* **What is needed**: Word for word, retype the lines from the one containing "banemo Logo" to the one containing "simca1000dariomontrone20220816.jpg" below, keeping both end lines and dropping the pictures.

* **Material to process**:
========================================================================

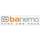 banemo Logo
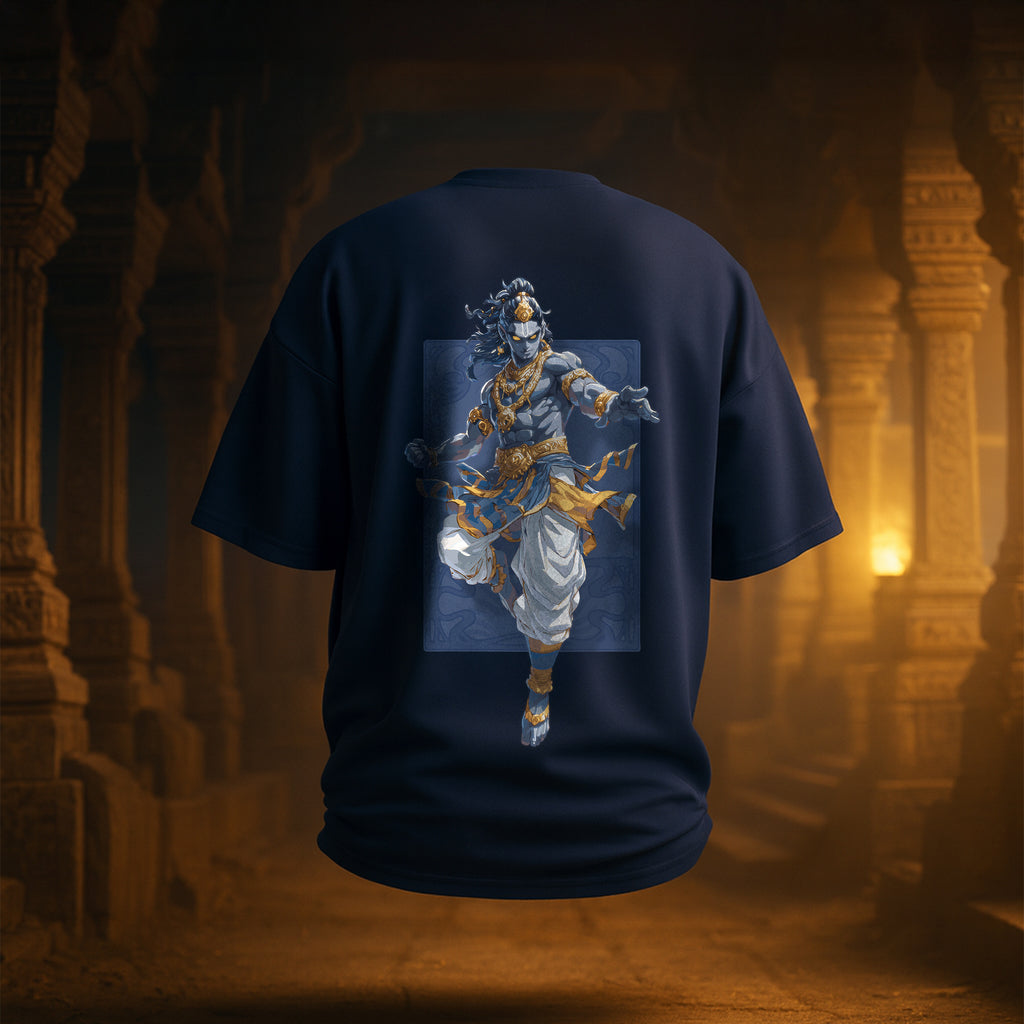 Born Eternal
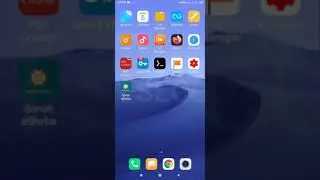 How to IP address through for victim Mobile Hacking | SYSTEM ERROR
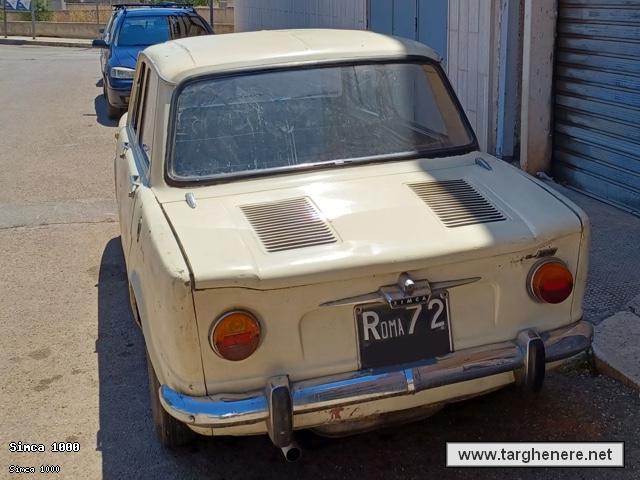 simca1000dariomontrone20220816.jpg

========================================================================

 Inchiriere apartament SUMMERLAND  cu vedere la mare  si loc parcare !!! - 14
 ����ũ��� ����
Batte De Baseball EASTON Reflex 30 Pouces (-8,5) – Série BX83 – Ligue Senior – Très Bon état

========================================================================

* **Solution for this task**:
 banemo Logo
 Born Eternal
 How to IP address through for victim Mobile Hacking | SYSTEM ERROR
 simca1000dariomontrone20220816.jpg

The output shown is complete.